Friday, October 21, 2011

Sustainability :: The Whole Hog

Sustainability is a word that gets thrown around a lot these days. Every sort of agriculture from large-scale row crop operations to confinement agriculture to the smallest market garden farms use the word sustainable. So, if feel that it is always necessary for me to define the word when I'm using it. In my case i would simply sum sustainability up as the sort of farming that lets me survive physically and emotionally ... adds to the health and well-being of friends and neighbors ... takes into account the created purpose of the livestock ... takes stewardship of the land seriously ... and has fun doing it.
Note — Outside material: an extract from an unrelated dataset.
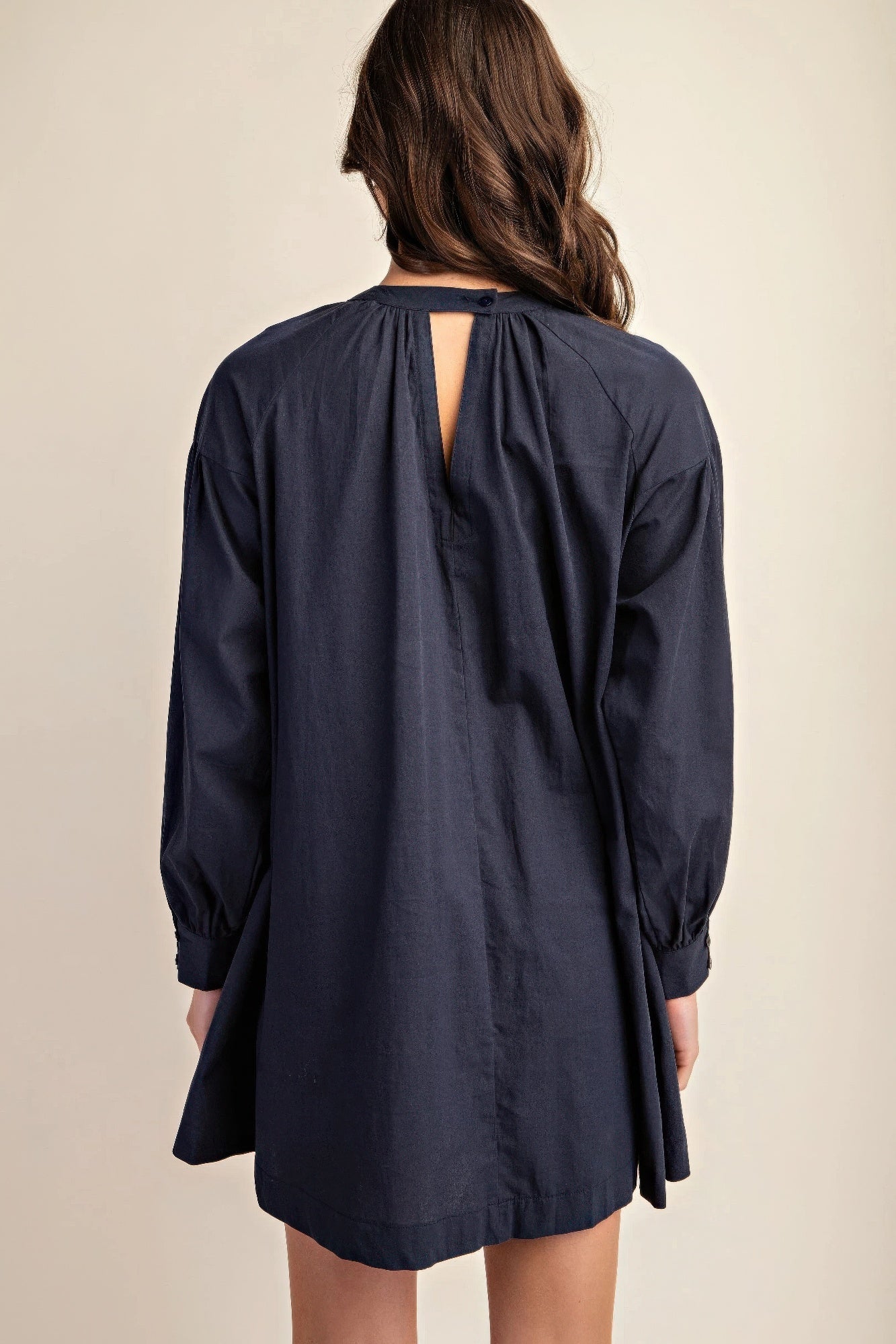 Back view of navy long-sleeve mini dress with keyhole neckline and button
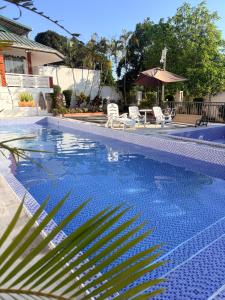 a blue swimming pool with chairs and a umbrella at La Casa di Giovanna in Alfonso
Of course now that I've written that out I realize it's not quite as simple as it seems on the surface ... nevertheless I'm always striving for sustainability along those lines!

With that in mind I think I've come to the conclusion that selling halves and wholes is the most sustainable option for the farm. I'm not completely sure that I will ever make it to the point where I'm only selling wholes and halves, but I do believe it is a very sustainable goal to work towards on every level. Let me take some of the above definition of sustainability and explain what I mean ...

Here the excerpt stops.